ISLAMABAD: Former prime minister Imran Khan’s Pakistan Tehreek-e-Insaf (PTI) party will hold nationwide protests today, Saturday, after one of its lawmakers vowed not to let the National Assembly function until those who had benefitted from last month’s purportedly rigged elections continued to be part of the house.
Pakistan’s Feb. 8 national polls were marred by a countrywide shutdown of cellphone networks and delayed results, leading to widespread speculation of election manipulation.
Several political parties, including the PTI of ex-PM Khan, who remains incarcerated on multiple charges since August, have been protesting the election results, which they say were changed in favor of their opponents.

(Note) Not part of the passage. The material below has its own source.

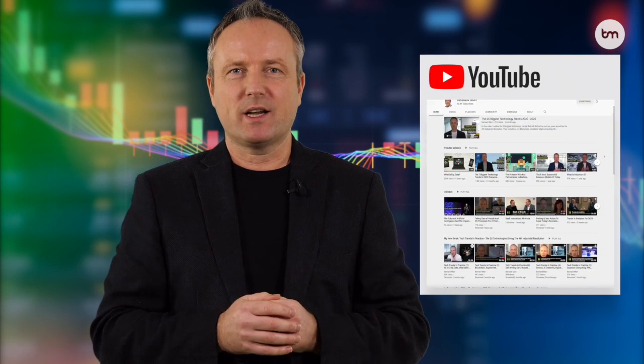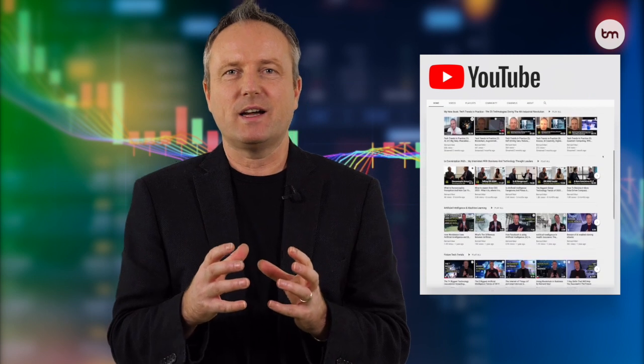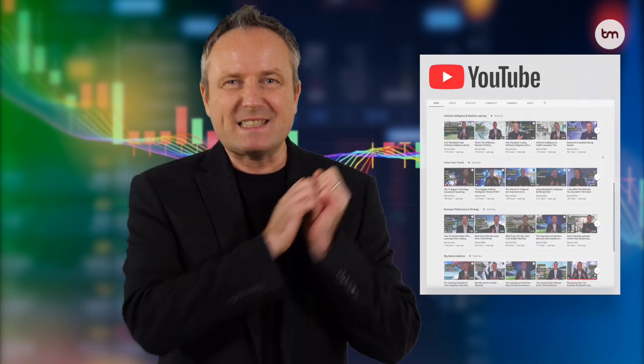Thanks for watching. Subscribe to my channel for more bite-sized insights, or to dive deeper into the topic you can find longer explanations and in-depth discussions.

Pakistan’s caretaker administration and election commission have denied the allegations.
“We don’t accept [the legitimacy] of this assembly,” PTI leader Junaid Akbar said during his speech on the floor of the house. “This assembly will not function until [the people] who have usurped the rights of others [through rigging] are driven out of here.”
“Our voters and supporters have not told us to do lawmaking [in this house],” he continued. “They have not told us to tolerate this [situation] silently. We will not stay silent. Until our leader [Imran Khan] is released from prison, there is no question of anyone sitting in the [lawmaker’s] chair with respect and dignity.”
Akbar said the PTI lawmakers had not come to the National Assembly for reconciliation or negotiation.
“What constitution, democracy and parliament are you referring to [when in this house] more than half of the people are those who lost [the Feb. 8 elections],” he added. “What you have done to the constitution, what you have done to this country, you will be held accountable [for that].”
The PTI leader said no one should be under the illusion that his party would allow the National Assembly to function until its members got their rights.
Raoof Hasan, the spokesperson of Khan’s party, also told local news channel Geo TV that the goal of the countrywide protest today was to restore people’s mandate.